A snapshot is the state of a table at some time.

Each snapshot lists all of the data files that make up the table's contents at the time of the snapshot. Data files are stored across multiple manifest files, and the manifests for a snapshot are listed in a single manifest list file.

Manifest list🔗

A manifest list is a metadata file that lists the manifests that make up a table snapshot.

Each manifest file in the manifest list is stored with information about its contents, like partition value ranges, used to speed up metadata operations.

Manifest file🔗

A manifest file is a metadata file that lists a subset of data files that make up a snapshot.

Each data file in a manifest is stored with a partition tuple, column-level stats, and summary information used to prune splits during scan planning.

Partition spec🔗

A partition spec is a description of how to partition data in a table.

A spec consists of a list of source columns and transforms. A transform produces a partition value from a source value. For example, date(ts) produces the date associated with a timestamp column named ts.

Partition tuple🔗

A partition tuple is a tuple or struct of partition data stored with each data file.

All values in a partition tuple are the same for all rows stored in a data file. Partition tuples are produced by transforming values from row data using a partition spec.

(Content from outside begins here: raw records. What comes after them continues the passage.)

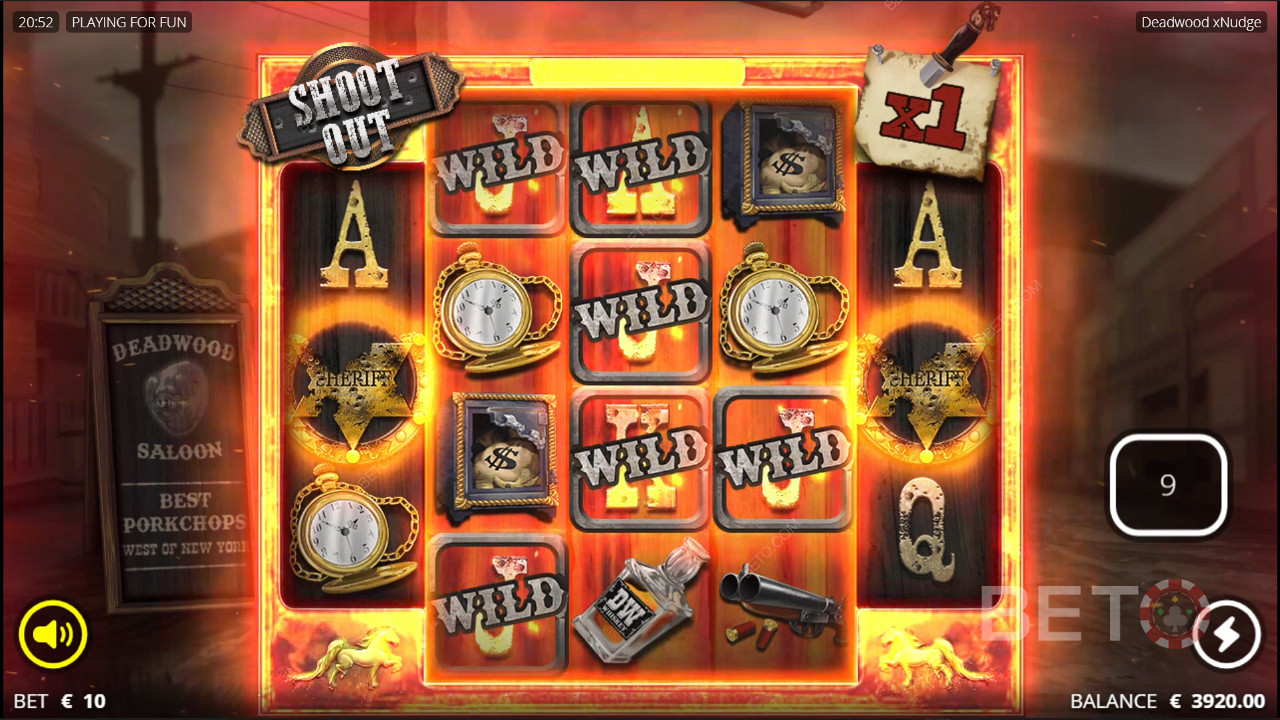 Deadwood xNudge স্লটে শুট আউট বৈশিষ্ট্য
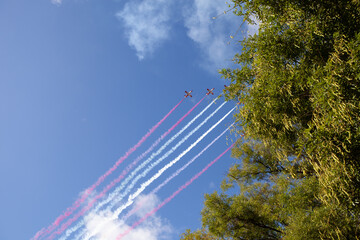 Military and emergency services aircraft flying in the military parade on October 12. Madrid, Spain.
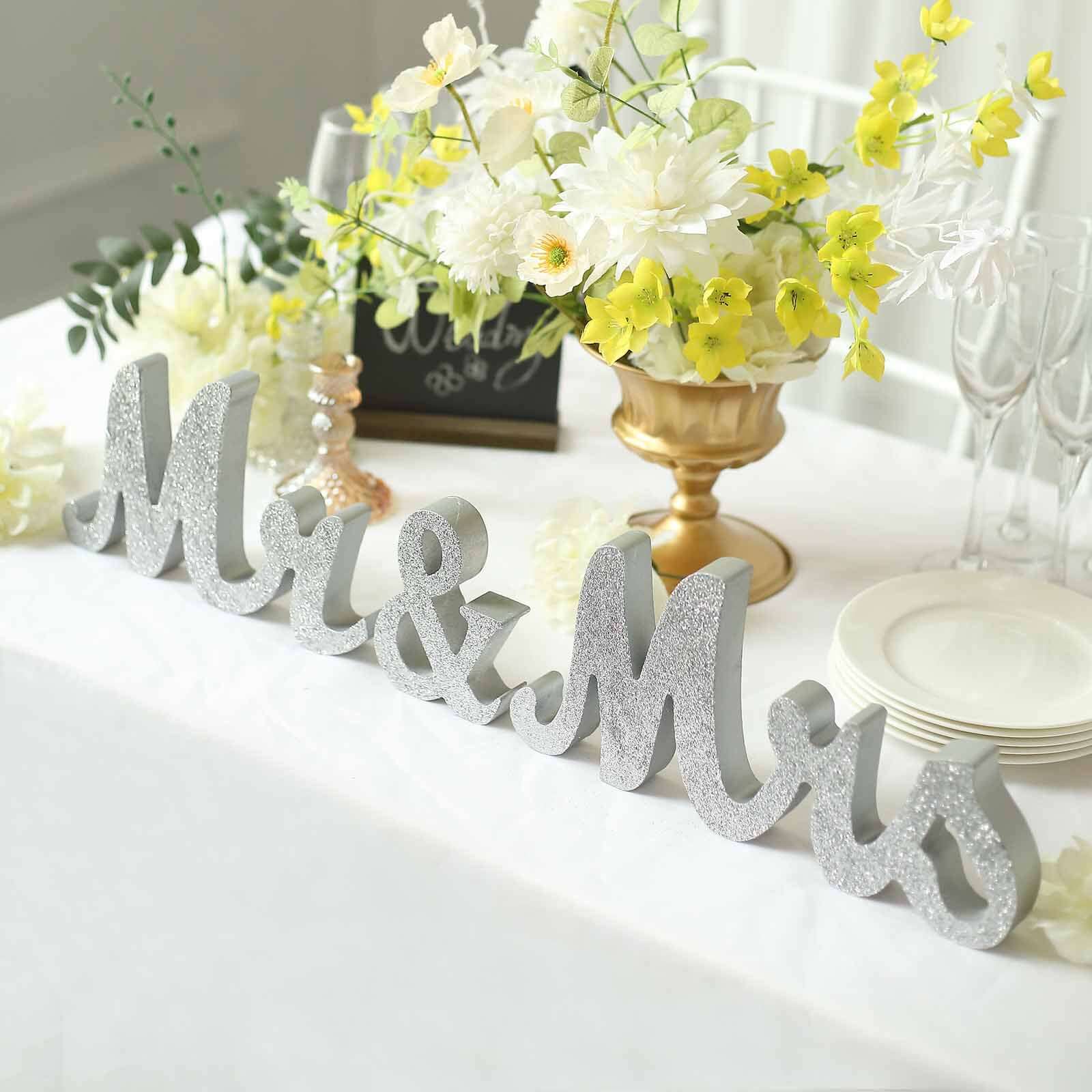 Wooden Mr & Mrs Freestanding Letters Silver Glittered - Rustic Glam Wedding Table Display Signs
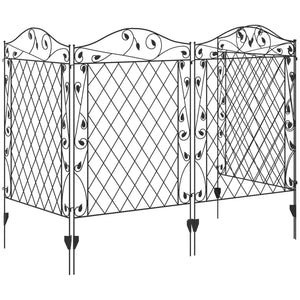 Garden Fence, 4 Pack Metal Fence Panels, 11.5' Animal Barrier & Decorative Border Flower Edging for Yard, Landscape, Patio, Outdoor Décor, 43" H, Wavey Vines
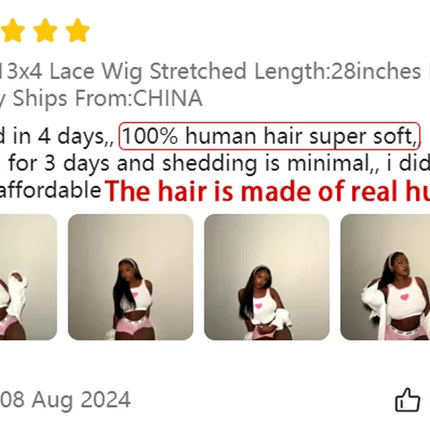 38 42 48 Inch 13x6 HD Transparent Bone Straight Lace Front Wigs 300 Density Straight Lace Front Wigs Brazilian Human Hair Wigs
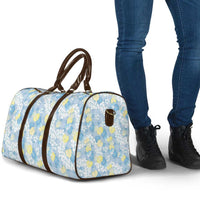 Anthurium Plumeria Lei Pastel Travel Bag Blue Hawaiian Splendid Palaka LT01 - Polynesian Pride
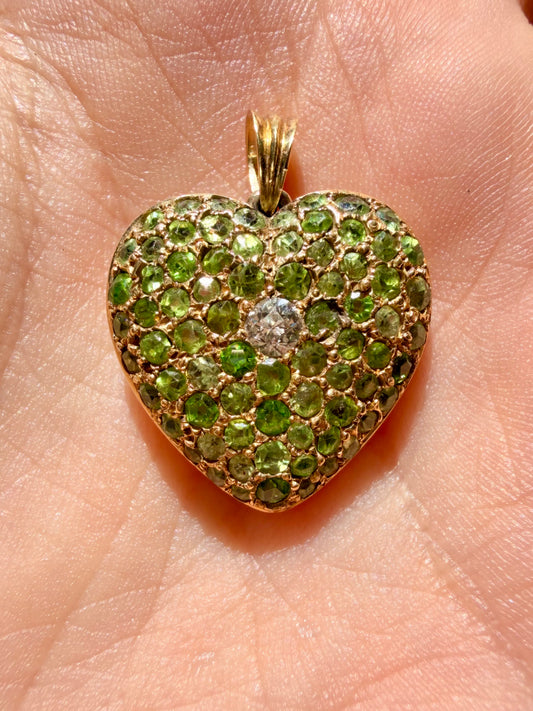 Antique 18K demantoid garnet and old mine cut diamond glass back heart locket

Iceberg stores partition values unmodified, unlike Hive tables that convert values to and from strings in file system paths and keys.

Snapshot log (history table)🔗

The snapshot log is a metadata log of how the table's current snapshot has changed over time.

The log is a list of timestamp and ID pairs: when the current snapshot changed and the snapshot ID the current snapshot was changed to.

The snapshot log is stored in table metadata as snapshot-log.